Contrary to common belief, some medieval women wielded significant power. Nuns in France’s Normandy region, for example, carried enormous influence and legal control over the people — including men — living on their vast land holdings granted by royal decree.
That any women circa A.D. 1066 controlled the lives of multitudes is a forgotten fact that Laura Gathagan, an associate professor in SUNY Cortland’s Department of History, is bringing to light after discovering a scrap of ancient abbey recordkeeping that chronicled the religious women’s actions as judges, jailers and agricultural businesswomen.
On Wednesday, Oct. 4, Gathagan will discuss her research on the Abbey of Holy Trinity, Caen, in a talk titled “Abbess, Judge, Jailor: Authority and Imprisonment in Medieval Normandy.”
The lecture opens the 2023-24 Rozanne M. Brooks Lecture Series, which explores humanity’s age-old struggle for power through different lenses.
The talk will begin at 4:30 p.m. in Moffett Center, Room 115. Seating will be limited, so attendees are advised to arrive early to secure a seat. A reception to welcome Gathagan precedes the talk at 4 p.m. in the adjacent Brooks Museum.
Gathagan uncovered this revelation about the abbey, which was founded in June 1066 by Mathilda of Flanders, duchess of Normandy and queen of England, inside the John Rylands Research Institute and Library in Manchester, England. Her research-related travel was partly supported by a grant from the Karen Goodell '82 Faculty Development Fund.
Gathagan has found among rare 700-year-old documents that the abbesses of Holy Trinity held an important judicial role and the power to imprison offenders of the law. The journey of these manuscripts, and the abbesses who protected them against the vicissitudes of war and political upheaval, form the basis for this presentation.
“My research is related to a broader question about women and power in the Middle Ages,” she said.
“For women especially, we’re in a fight for our autonomy,” Gathagan said. “There is this false idea that, traditionally women didn’t have as many rights as they do now. But that is an absolute lie.”
The Brooks series features five planned lectures on the theme of “The Culture of Power.” The interdisciplinary talks will touch on topics ranging from extremist groups in today’s world to gendered power wielded centuries ago.

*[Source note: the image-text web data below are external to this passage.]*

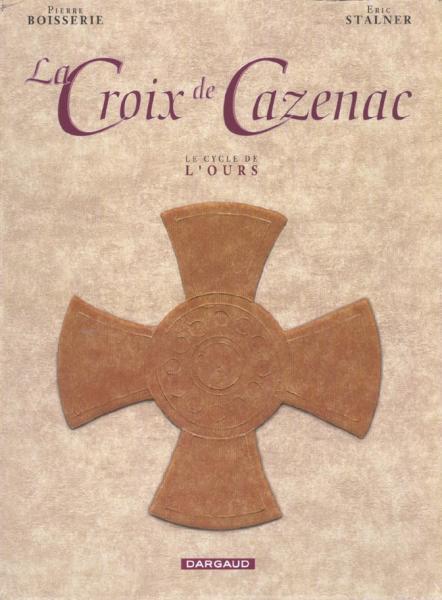 La croix de Cazenac # 0 - Cycle de l'ours - coffret t1 à 3 + triptyque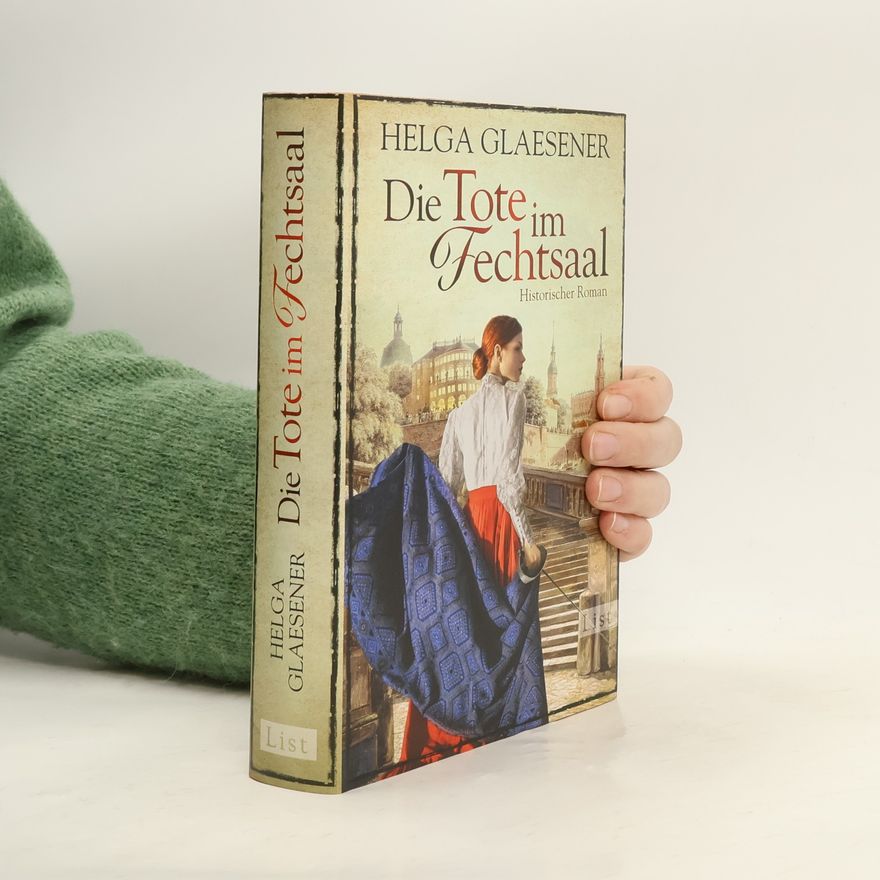 Helga Glaesener Die Tote im Fechtsaal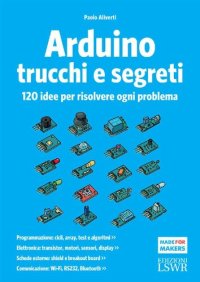 cover of the book Arduino trucchi e segreti (Italian Edition)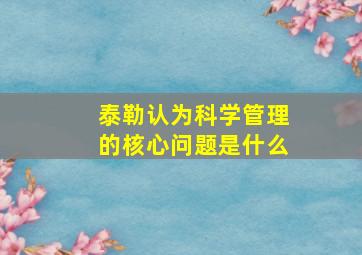 泰勒认为科学管理的核心问题是什么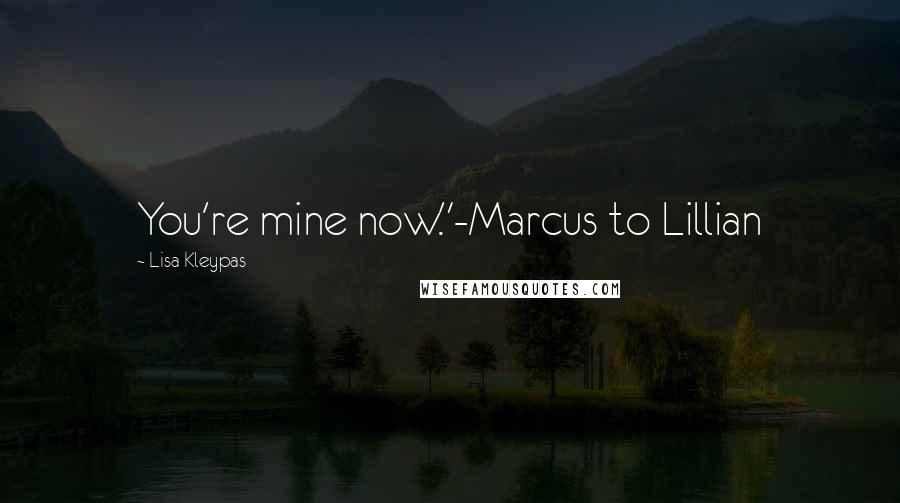 Lisa Kleypas Quotes: You're mine now."-Marcus to Lillian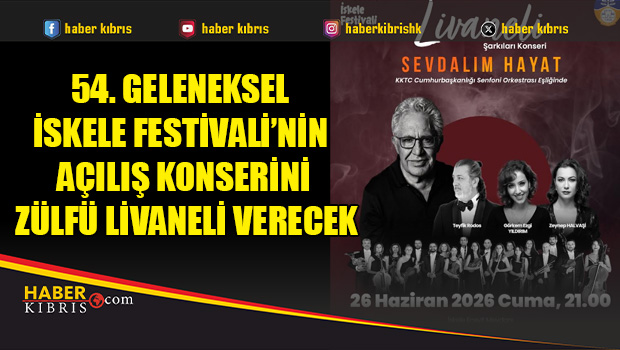 54. Geleneksel İskele Festivali’nin Açılış Konserini Zülfü L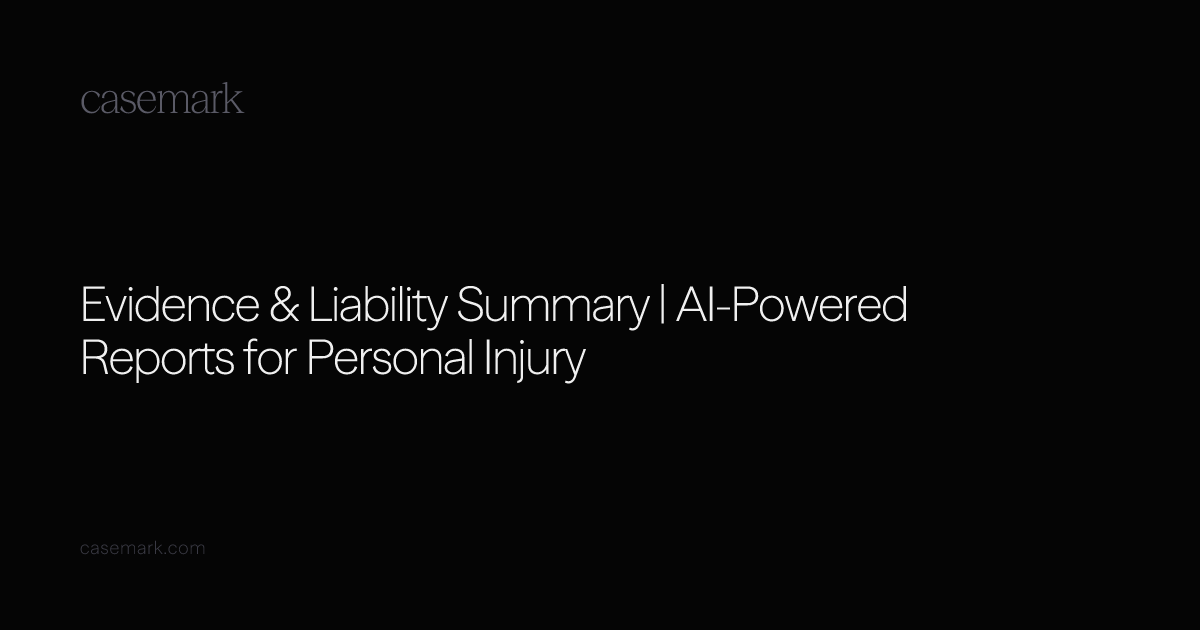 Evidence & Liability Summary | AI-Powered Reports for Personal Injury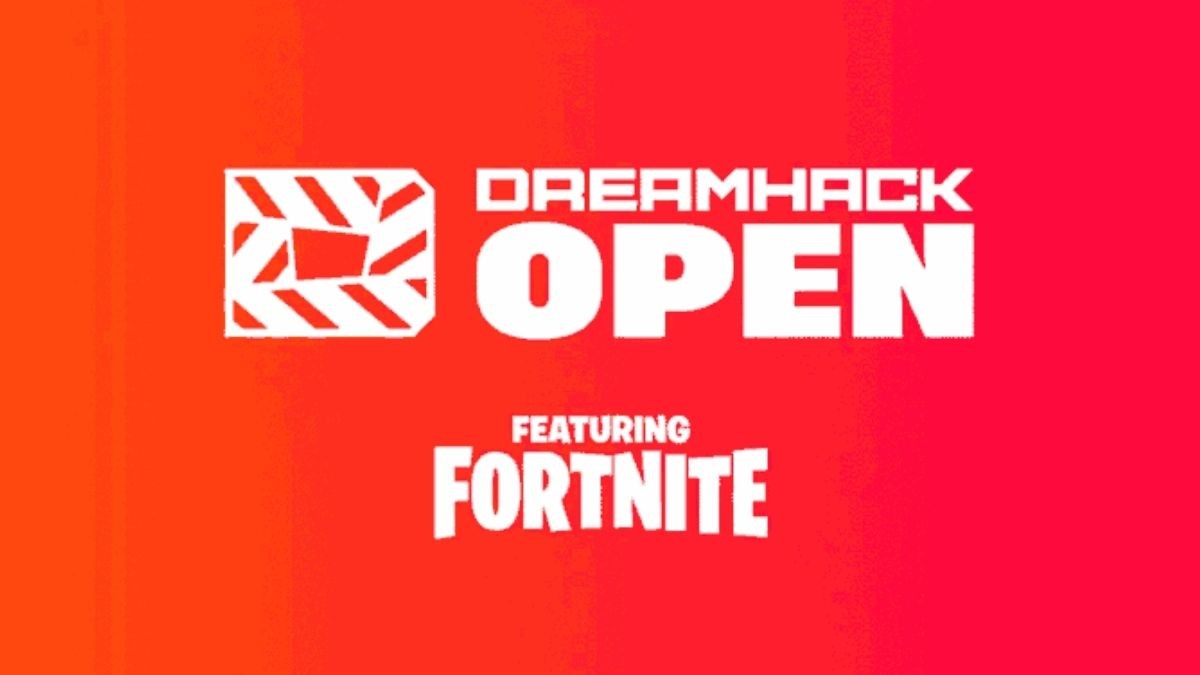 Fortnite：DreamHack 二人組 2021 年 4 月，註冊、結果、日期、排名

Speakers will discuss how the drive for supremacy shapes religious movements, impacts the dynamics of filmmaking and pushes people to excel in physical feats.
The discussions all take place on Wednesdays at the same time and location, with a reception beforehand in the Brooks Museum. All events are free and open to the public.
The remaining presentations will include:
The Power of Extremism in Afghanistan — Sameer and K. Harris, refugees from Afghanistan before and after the departure of the U.S. forces in 2021. Nov. 1.
Empowerment Through Sport and Fitness — Amanda Tepfer, an assistant professor in SUNY Cortland’s Physical Education Department. Feb. 21, 2024.
Tibetan Buddhism, China and the Politics of Tension — Allen Carlson, an associate professor in Cornell University’s Government Department and director of Cornell’s China and Asia Pacific Studies program and advisor of its East Asia Program. March 20, 2024.
Framing Truth: Exploring Power Dynamics in Documentary Filmmaking — Samuel Avery, an associate professor in SUNY Cortland’s Communication and Media Studies Department and coordinator of Cortland’s annual Blackbird Film Festival. April 10, 2024.
The Brooks Series honors the late Distinguished Teaching Professor of sociology and anthropology emerita at SUNY Cortland, Rozanne M. Brooks, whose donated special collection of ethnographic objects to the Sociology/Anthropology Department established the Brooks Museum in 2001.
The 2023-24 Brooks Lecture Series is co-sponsored by the Cortland College Foundation and Cortland Auxiliary. For more information, contact Brooks lecture series organizer and Brooks Museum director Sharon Steadman, SUNY distinguished professor and chair of SUNY Cortland’s Sociology/Anthropology Department, at 607-753-2308.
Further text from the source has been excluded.